Are those decisions valid? A third fundamental problem
is that, at the last General Chapters, decisions were made in
the name of all the Capitulants without their receiving a written
report describing the number, nature and scope of the decisions
taken in their name. All the Capitulants
were certainly strictly entitled to such communication. Any person who has received delegated powers
is under an obligation of giving an account of his stewardship to the person (whether an individual
or entity) who gave the delegation. A certain number of problems
that came up in practice at the last MGM could, I agree, be readily
corrected.

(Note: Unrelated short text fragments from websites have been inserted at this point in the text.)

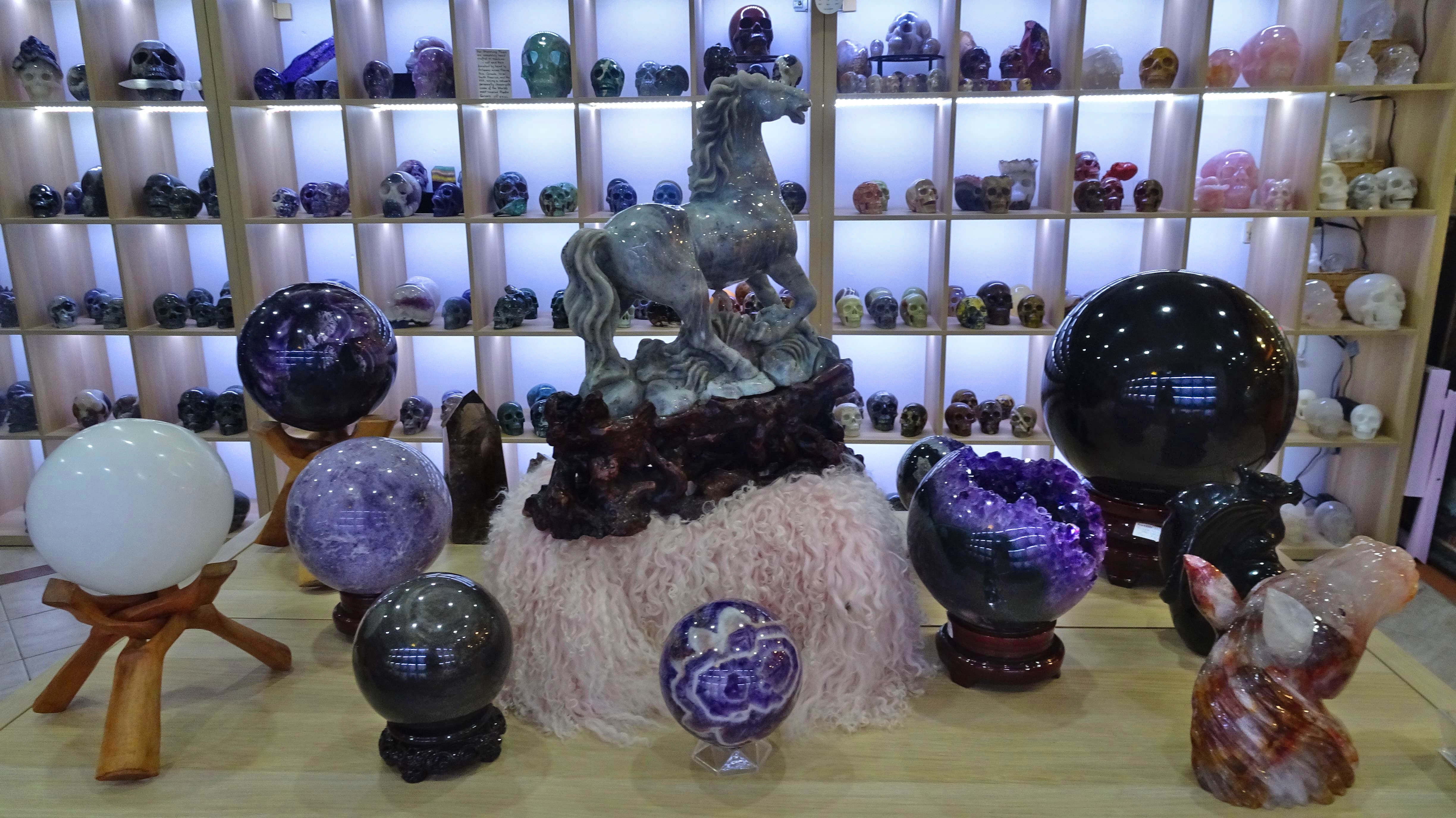 Central display & shelving in crystal skull store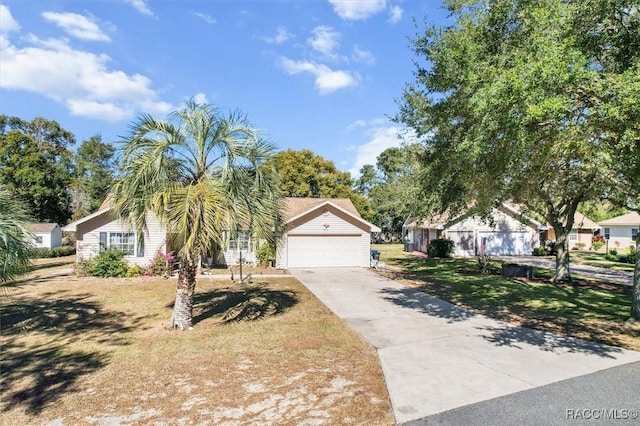 view of front of home with a garage and a front yard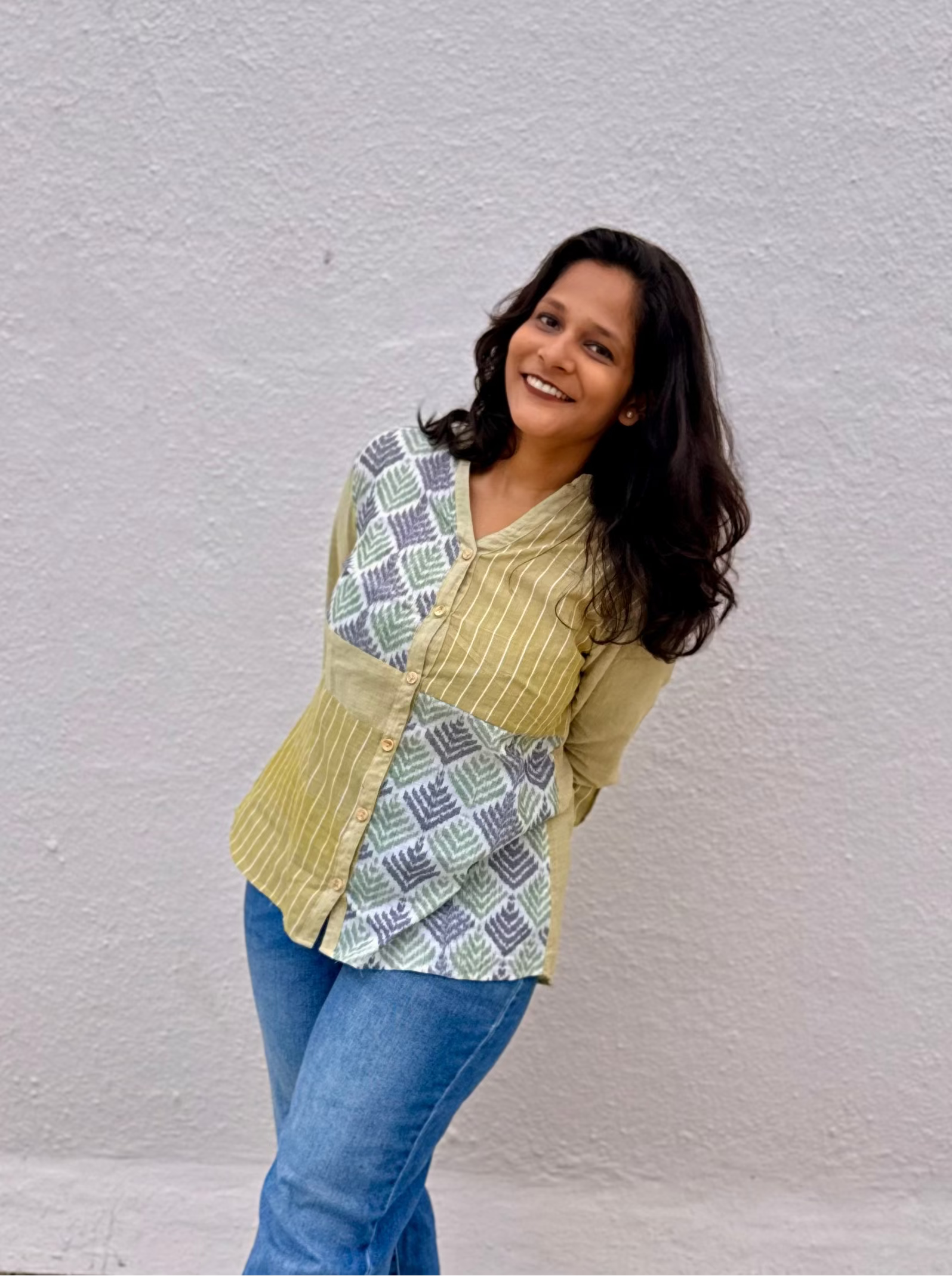 Saaj mustard handloom cotton shirt with contrast ikat panels, three-quarter front view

However, a few
of them should at least be mentioned. a) Vote 9 of the CC of Scourmont provides a possibility
of recourse: « If not
in agreement with the decision of a Mixed Commission, those concerned
may have recourse to the Plenary Assembly, which will decide the
procedure to be followed.».
Now, the fact is that some superiors were informed of decisions concerning
them after the Chapter was closed. b) A number of decisions
(v.g. the choice of the special Visitor to be sent to this or
that community) were taken during the days following the closing
of the MGM. Are those decisions valid?
In fact, the Mixed Commissions cease to exist once the
Chapter is closed. c) Many superiors were
mandated as « special visitors », but their mandate was not
always clearly specified. Failing
a very explicit decision of the General Chapter (by delegation!),
no Visitor, however special, has any authority besides that conferred
on all Visitors by the Statute on Foundations.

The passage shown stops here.